If you are not really planning to leave Naha, then make sure that Shuri Castle is in your itinerary, especially if you have a monorail pass, simply because this is one of just several attractions that can be reached with the said form of transportation. The tracks of the monorail start at the airport; it ends at Shuri Castle. This is not to say that it is connected to the castle doors itself. You still have to walk around 20 minutes or so to reach the castle grounds. There is also a tourist bus that can take you there.

The castle itself is not really that huge, but the complex sure is. If you are accompanied by wannabe ramp models who walk at six steps per minute, then I would say that you could spend the entire morning here.
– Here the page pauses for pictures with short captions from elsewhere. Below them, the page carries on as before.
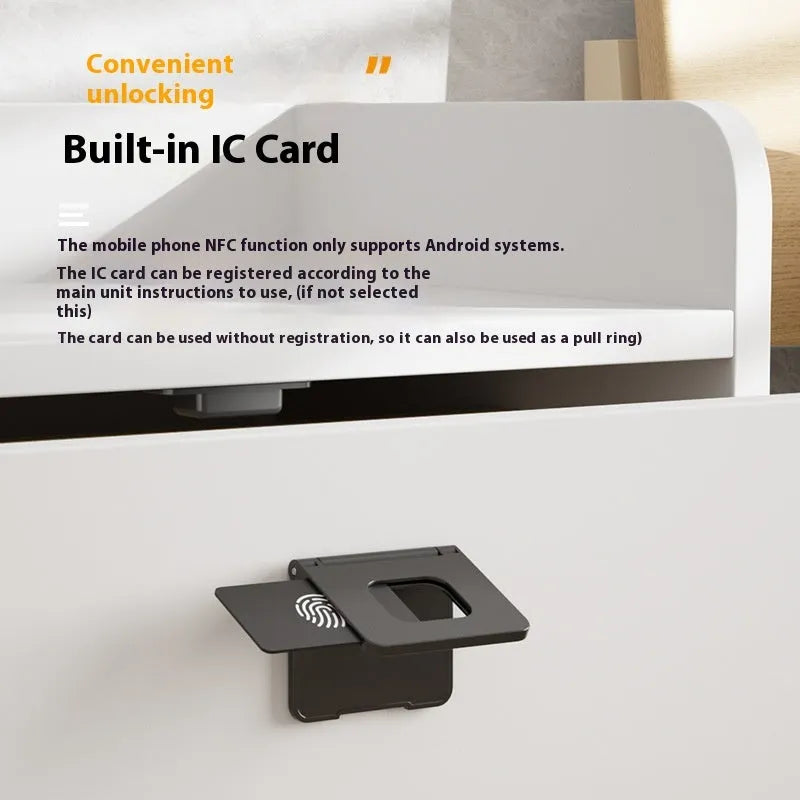 F079 punch-free electronic drawer lock with key, removable card installation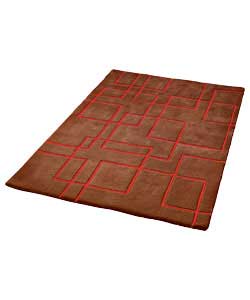 Cubism Chocolate and Red Rug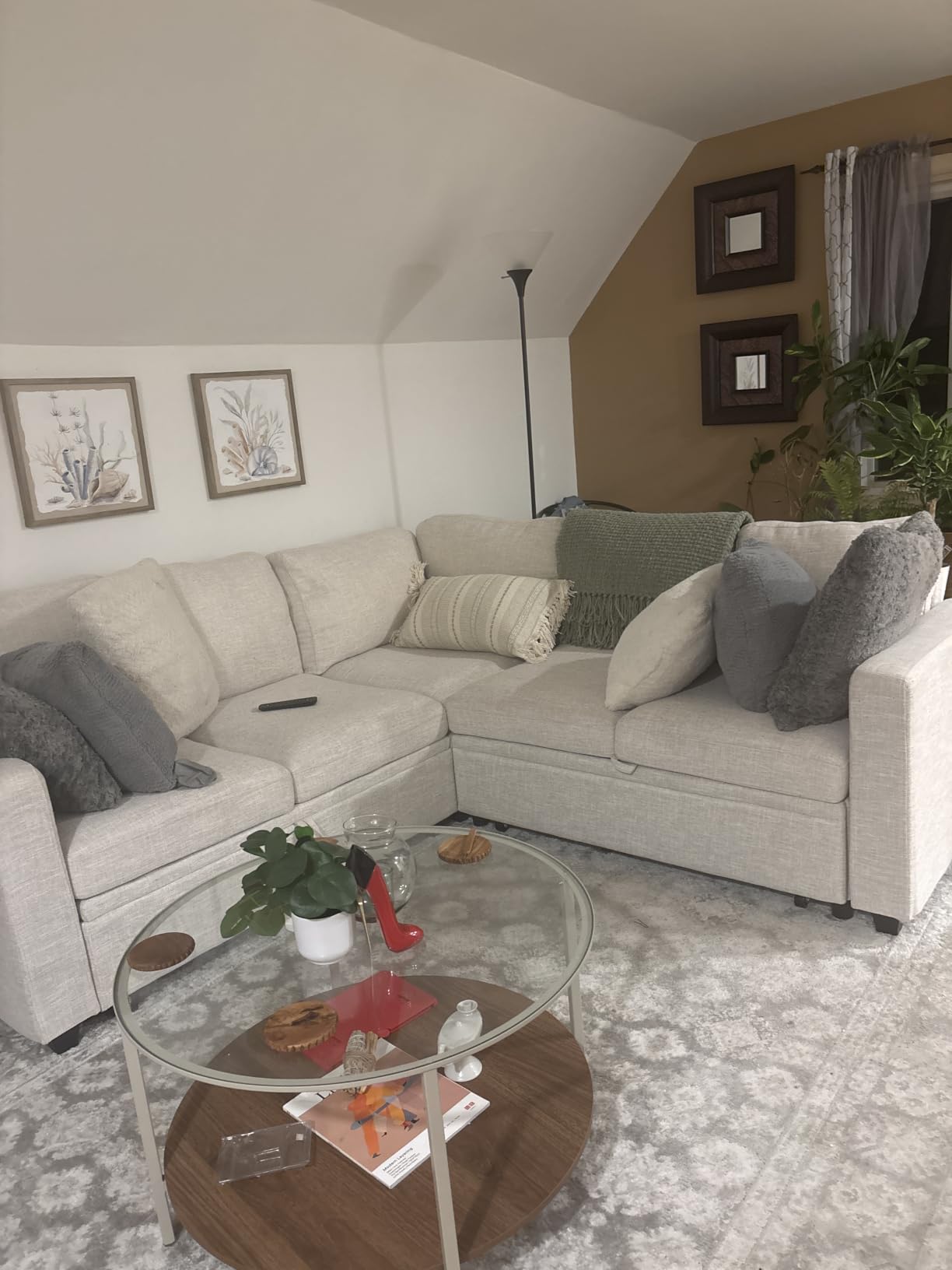 HONBAY Sectional Sleeper Sofa with Pull Out Bed, U Shaped Couch with Storage, Modular Sectional Couches for Living Room, Dark Grey customer photo 1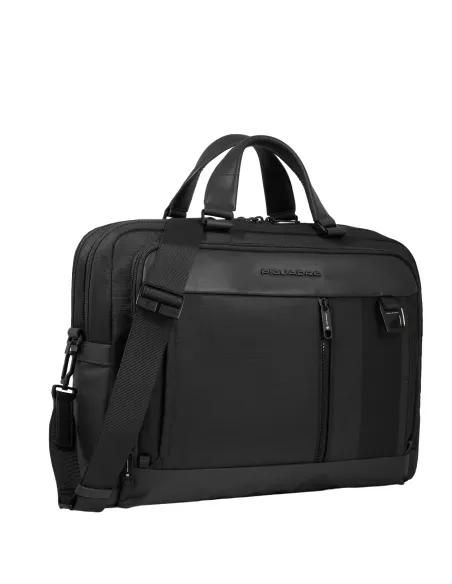 Piquadro Steve 15,6" Computer Aktentasche mit zwei Fächern, schwarz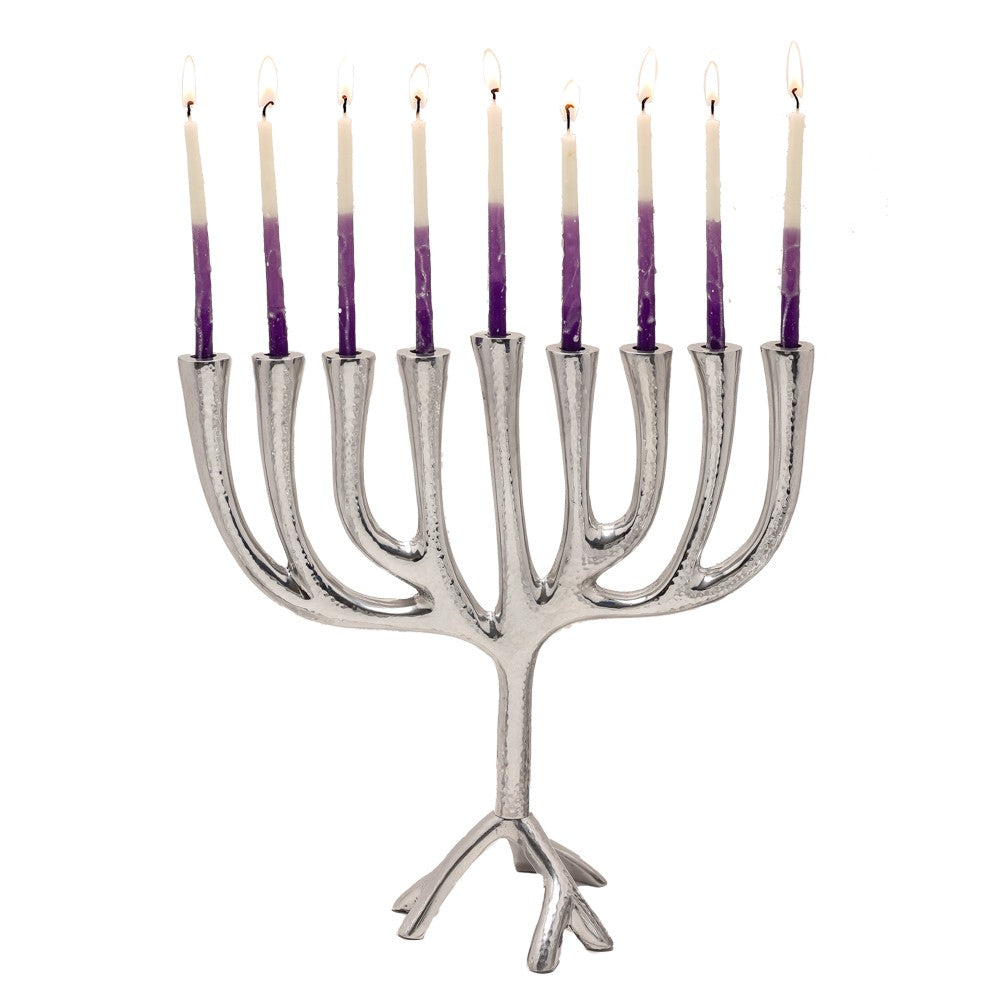 חנוכייה "עץ החיים" גדולה ממתכת (גודל: 32*32 ס"מ) מרוקע, האמן יאיר עמנואל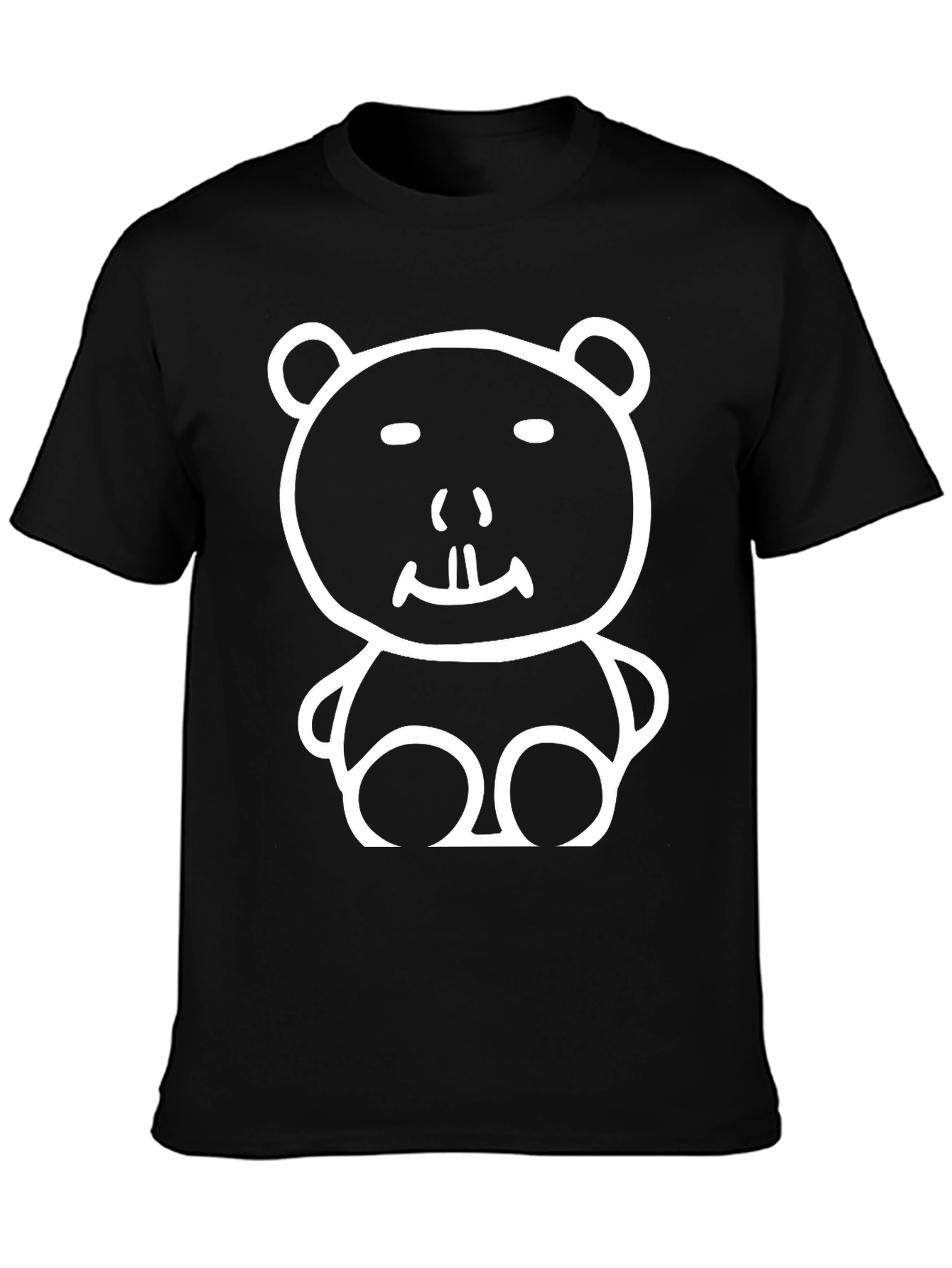 Funny Cartoon Bear Black T-Shirt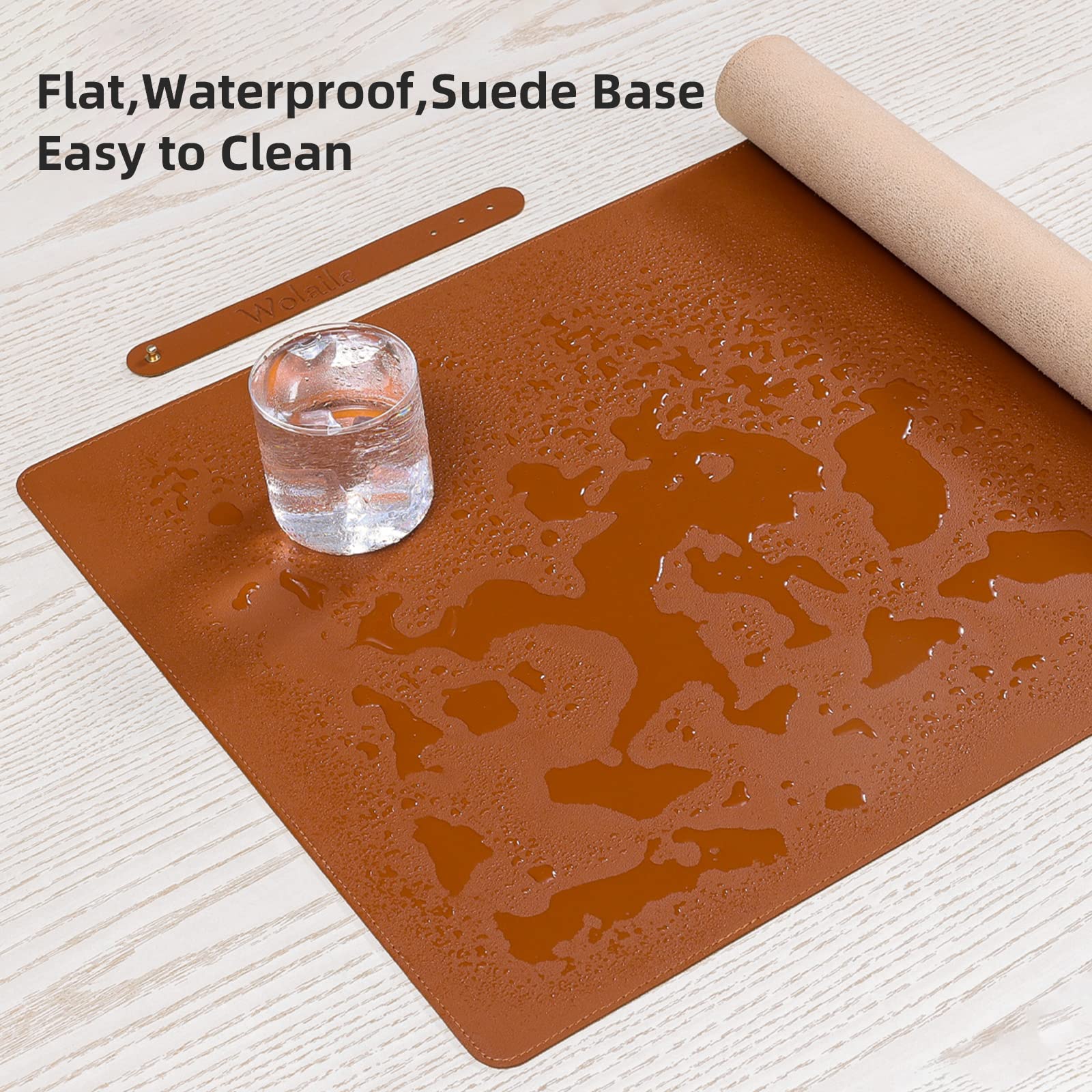 Desk Pad Blotter,Wolaile 36x17 in Large PU Leather Mouse Pad,Waterproof Non-Slip Writing Desktop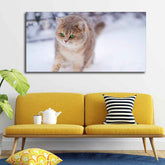 Beautiful Wall Painting of Cat Walking in Snow - Decor Smart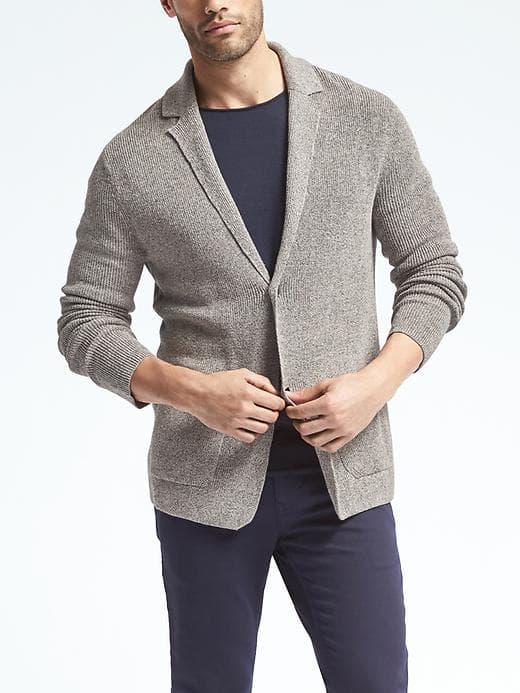 Banana Republic Mens Stretch Linen Sweater Blazer - Dark Gray Heather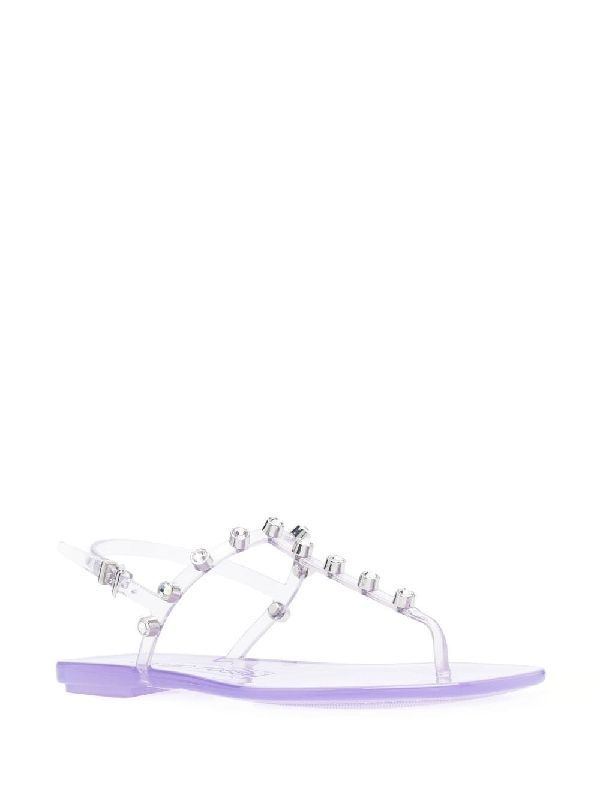 Crystal Detail Rubber Strap Sandals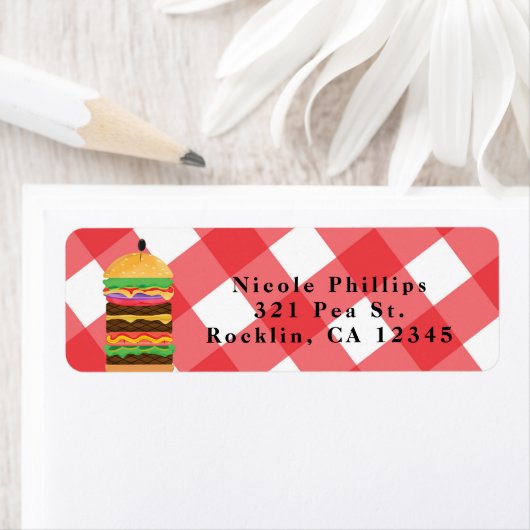 Red Hamburger Summer Cookout Barbecue Etiket (Insitu)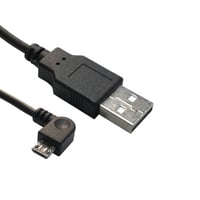 USB A til USB Micro B kabel, vinklet, version 2.0, sort, 1,8 meter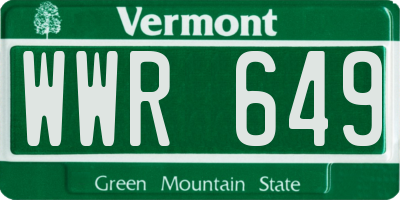VT license plate WWR649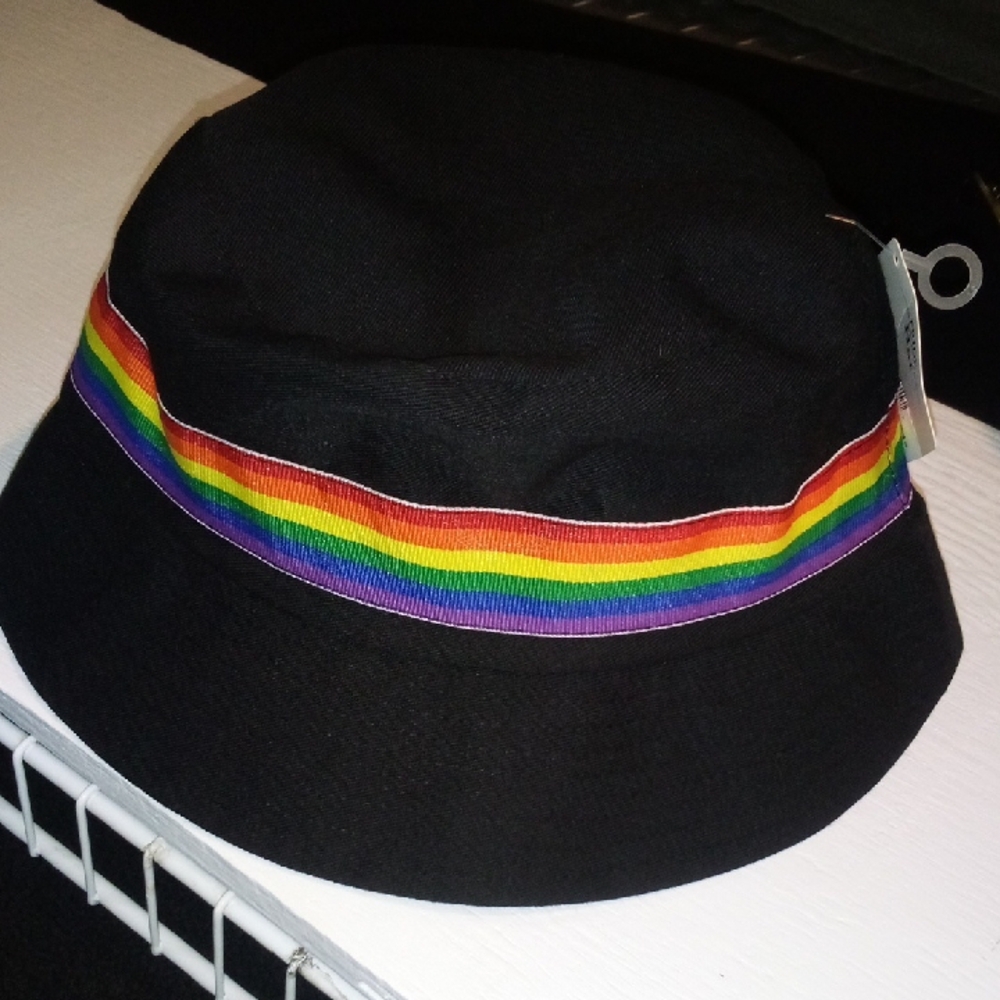 Black Bucket Hat with Rainbow Band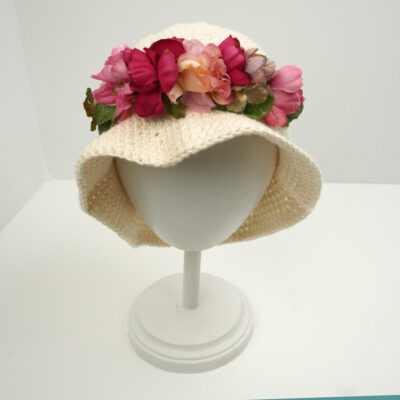Hat Combo with Rose Pink Floral Hair Band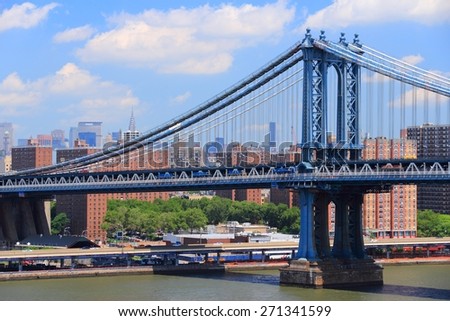 New York City, USA - Manhattan Bridge and city skyline.
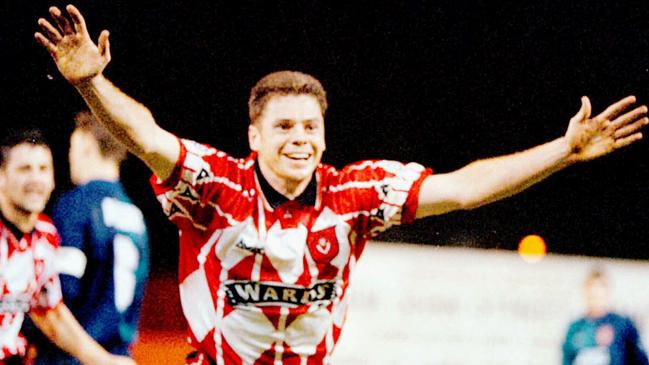 Carl Veart celebrates scoring an FA Cup goal for Sheffield United against Arsenal in 1996. Picture: AP Photo / Brian Williamson PA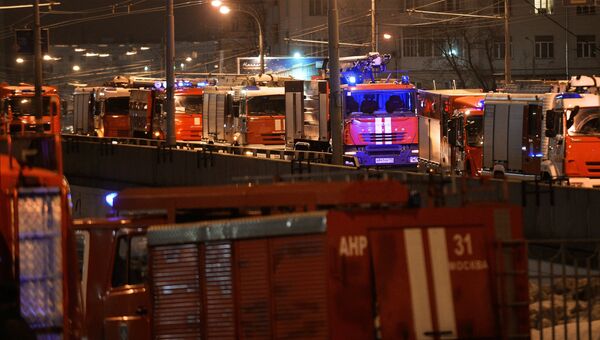 Пожар на швейном предприятии на востоке Москвы Пожар на швейном предприятии на востоке Москвы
If you are not a morning person like me, though, then I would say after lunch until the early afternoon should be good. If you are the type who just takes photos quickly, around two hours and a half would do, including whatever hike necessary.

But most people would love to get to know the history of the place more, imagine what it was like back in the day when actual royals roamed the vicinity of the palace and, of course, unleash their inner camwhore. I visited on a Thursday afternoon and the crowd was still considerably large. We are not saying “large” as in of Beijing’s Forbidden City proportions, but still enough people to obstruct your view of the colorful background that you need for that perfect souvenir photo. Weekends should be worse.

Do I recommend having lunch there? No. I did just that and the food was terrible. I mean, it was edible alright but I would rather have just spent my money on a beef bowl in some random local eatery. Snacks bought there would be fine but I suggest against coming with an empty stomach. Remember that this trip requires a lot of walking, some of them uphill. You need the energy and the stamina! The gardens were lackluster because they were all green. It should be a totally different story come autumn.

Make sure to refer to the map of the place by the entrance if you are planning to explore a bit. There are walkways that grant you access to awesome views of Naha from above, while there are also pathways that require less walking so you could arrive at the castle earlier than expected. I did see some signboards warning against snakes, although I did not really encounter a real one while I was there, which is a good thing because my Nihongo is really bad, and I don’t speak Parseltongue either.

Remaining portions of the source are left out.